Identify the line with "Siringe T2400 Sniego peiliai ir valytuvai"; copy word for word that line and every one after it, to the end of the listing. Exclude pictures.

◆ **Excerpted data**:
◇ ◇ ◇ ◇ ◇

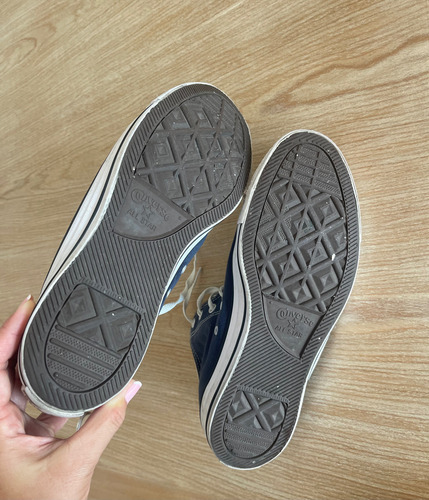 Zapatillas Converse Botas Chuck All Star 44.5 No Nike Adidas (Usado)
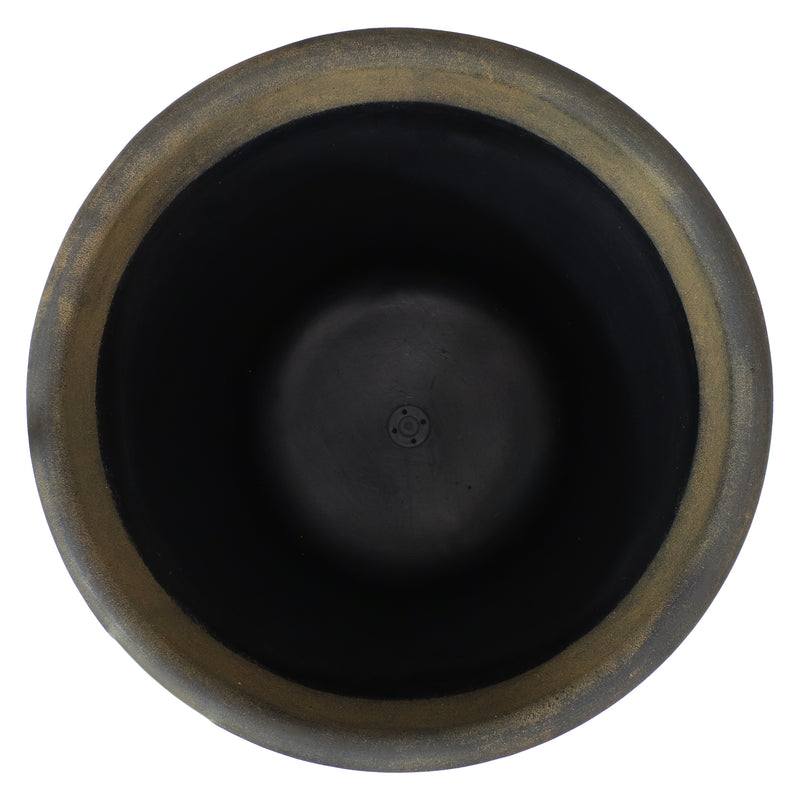 Sunnydaze Arabella Polyresin Outdoor Flowerpot Planter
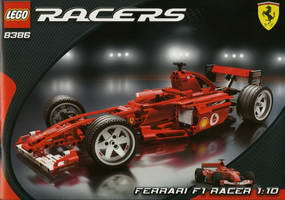 Набор LEGO 8386 Болид Команды Феррари в Масштабе 1:10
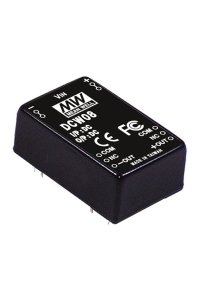 Mean Well DCW08E-12 310mA 8W Yalıtılmış DC/DC Dönüştürücü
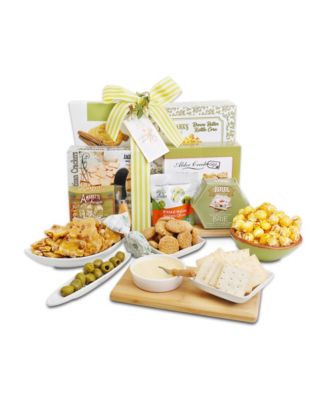 Alder Creek Gift Baskets Sage Savory Cutting Board, 8 Pieces - Macy's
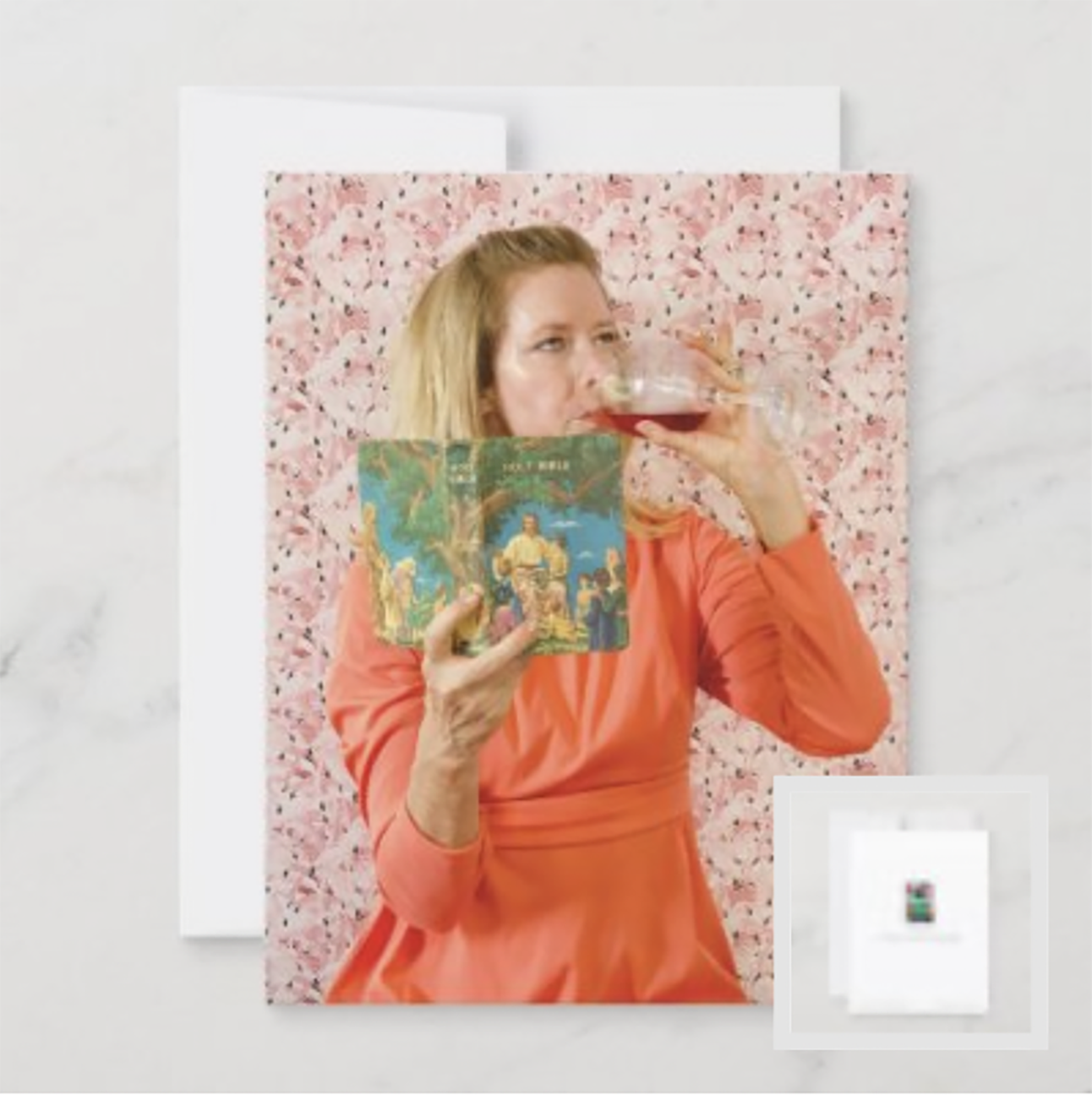 10 assorted NOTECARDS with a 4x6 signed print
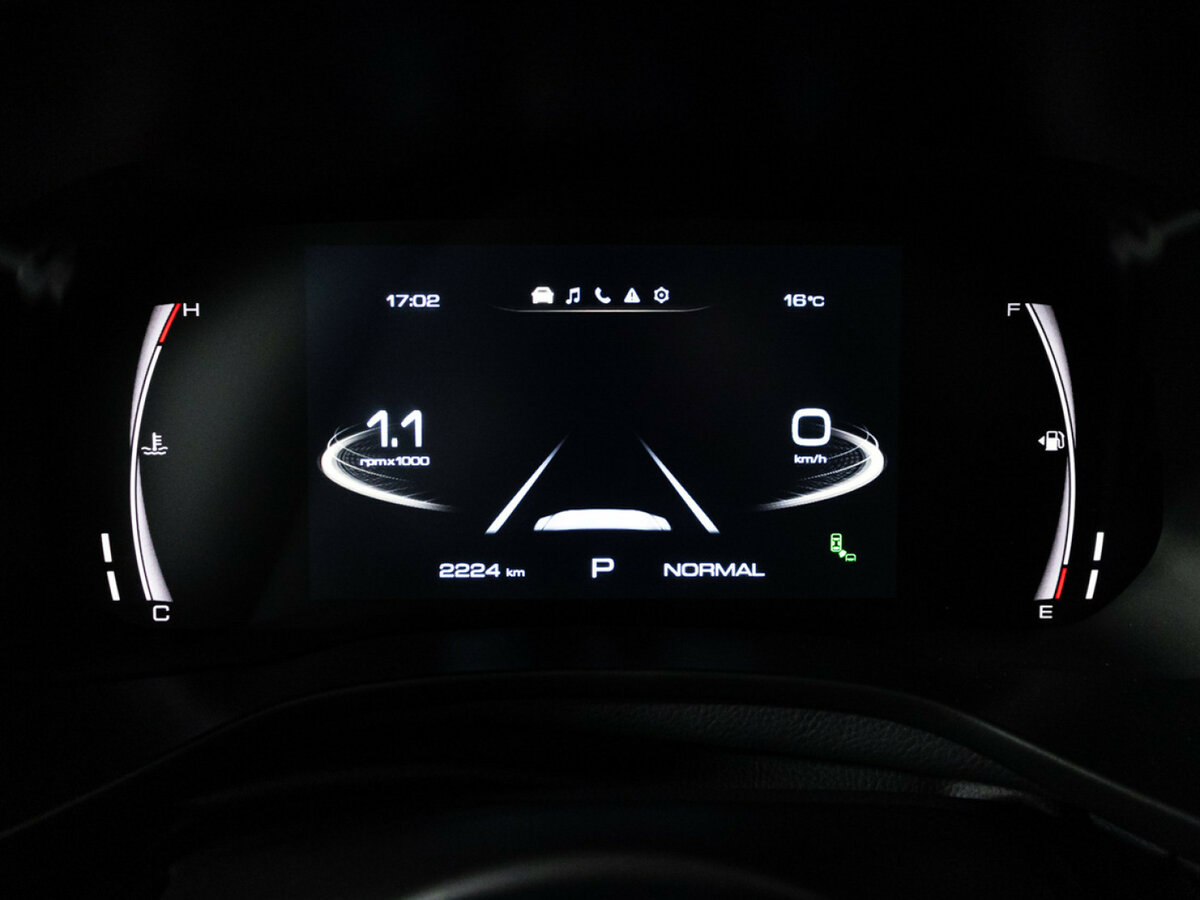 Haval Jolion I Рестайлинг, 2024 Фото №12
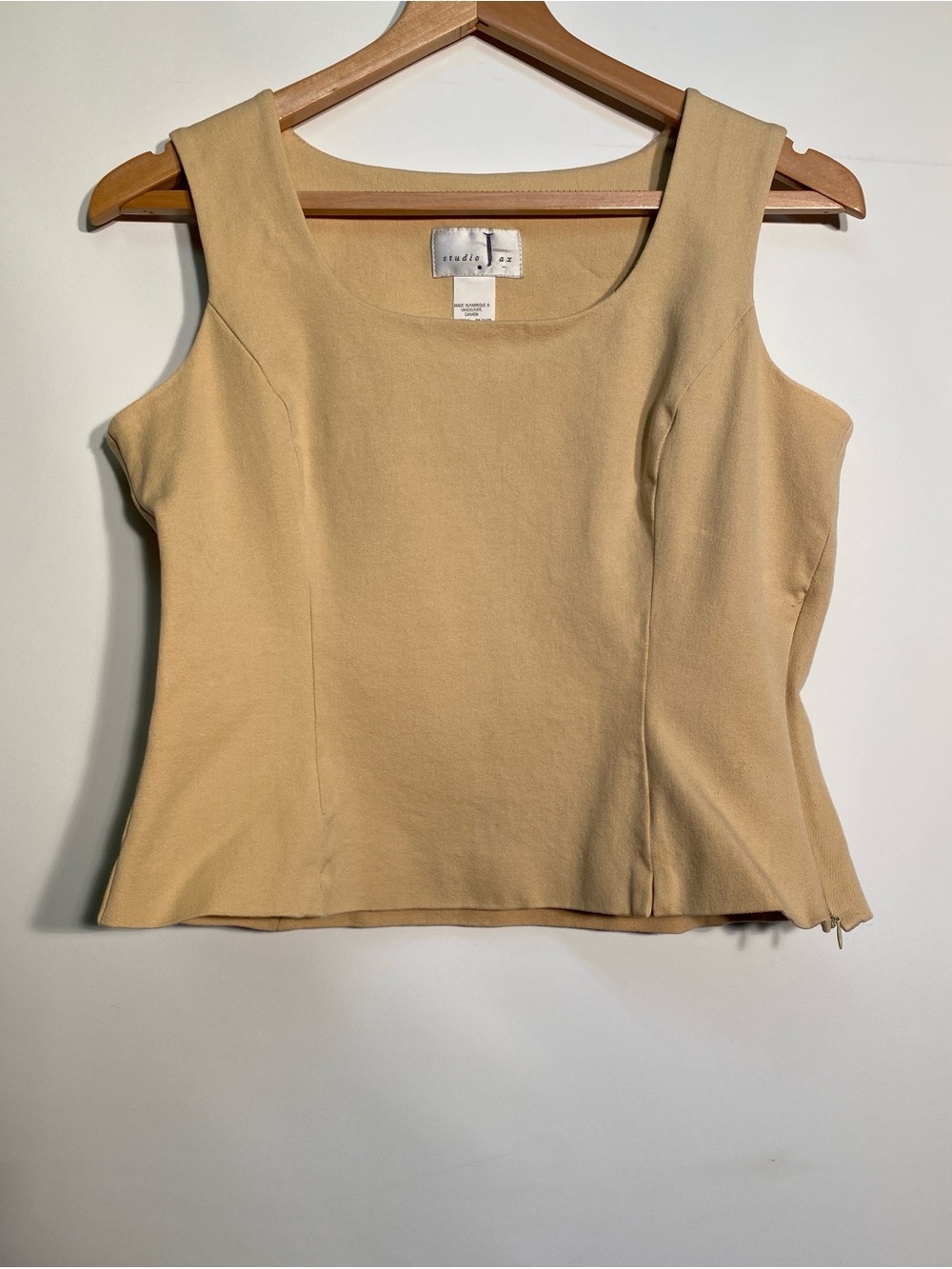 Studio Jax Scoop Neck Tank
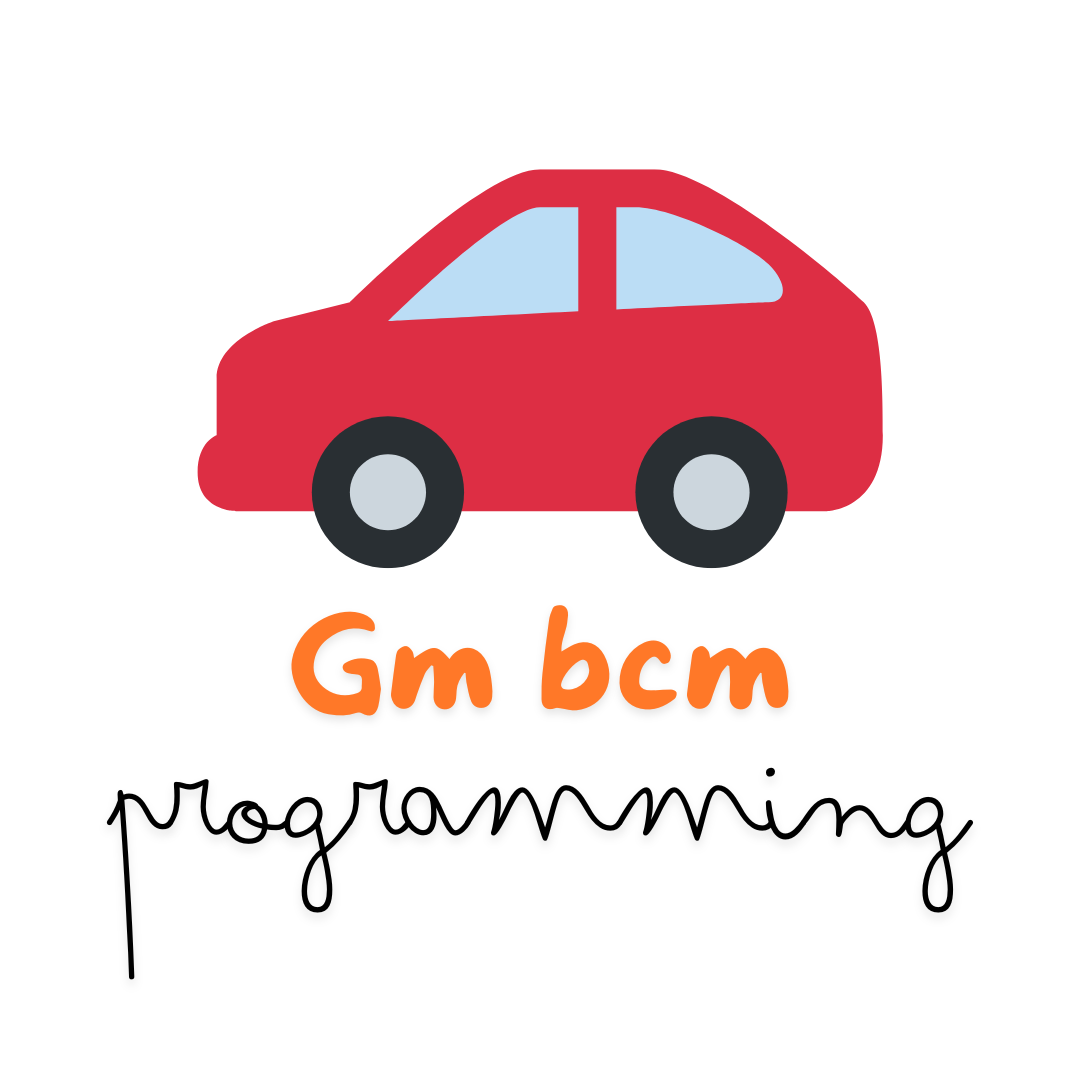 Gm bcm programming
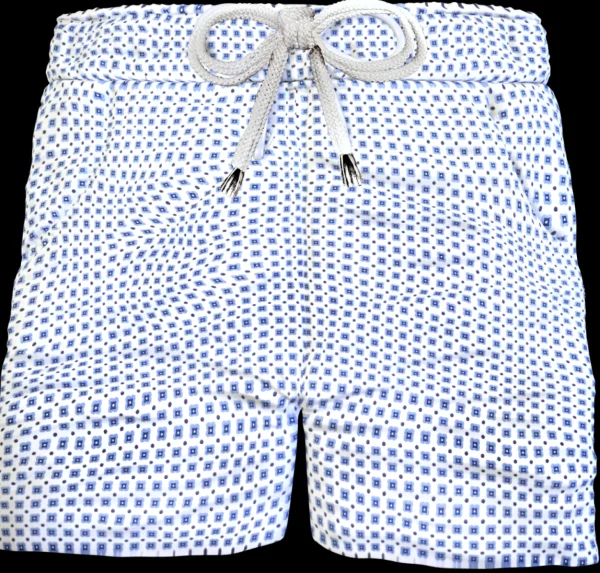 Bermuda Pantaloncino puro cotone popeline Shorts 2 tasche laterali Made in Italy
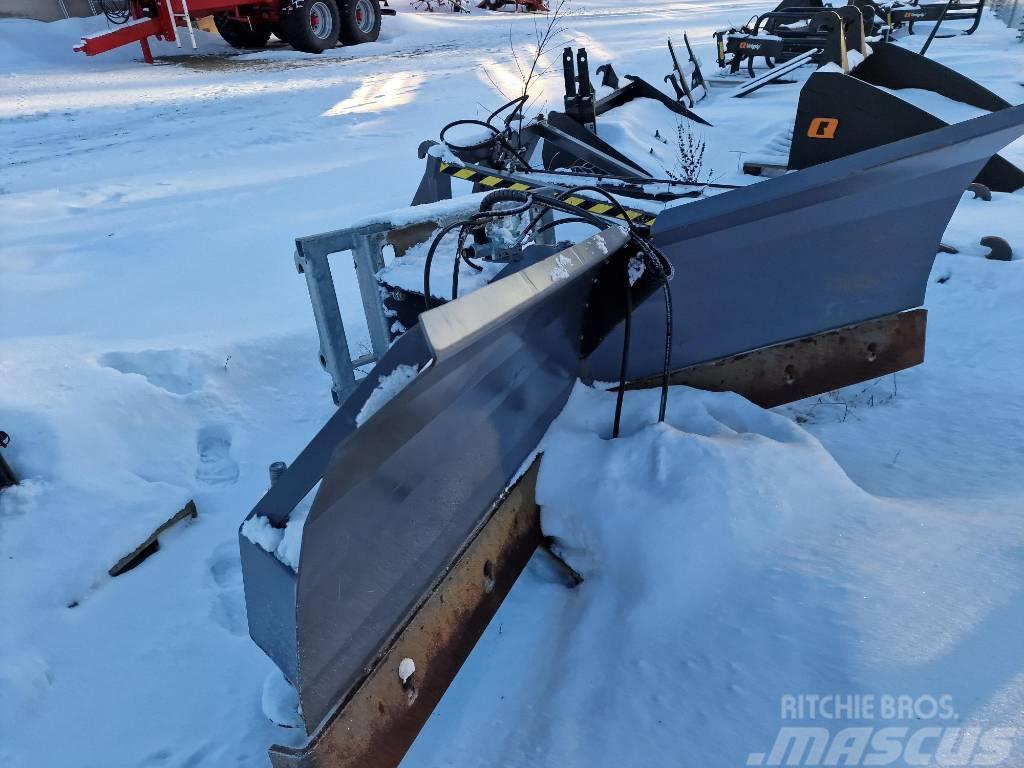 Siringe T2400 Sniego peiliai ir valytuvai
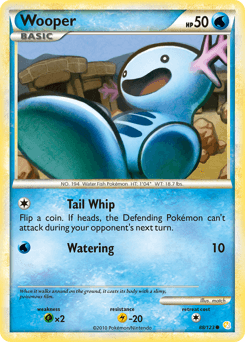 Wooper 88 — HeartGold & SoulSilver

◇ ◇ ◇ ◇ ◇

◆ **Task solution**:
 Siringe T2400 Sniego peiliai ir valytuvai
 Wooper 88 — HeartGold & SoulSilver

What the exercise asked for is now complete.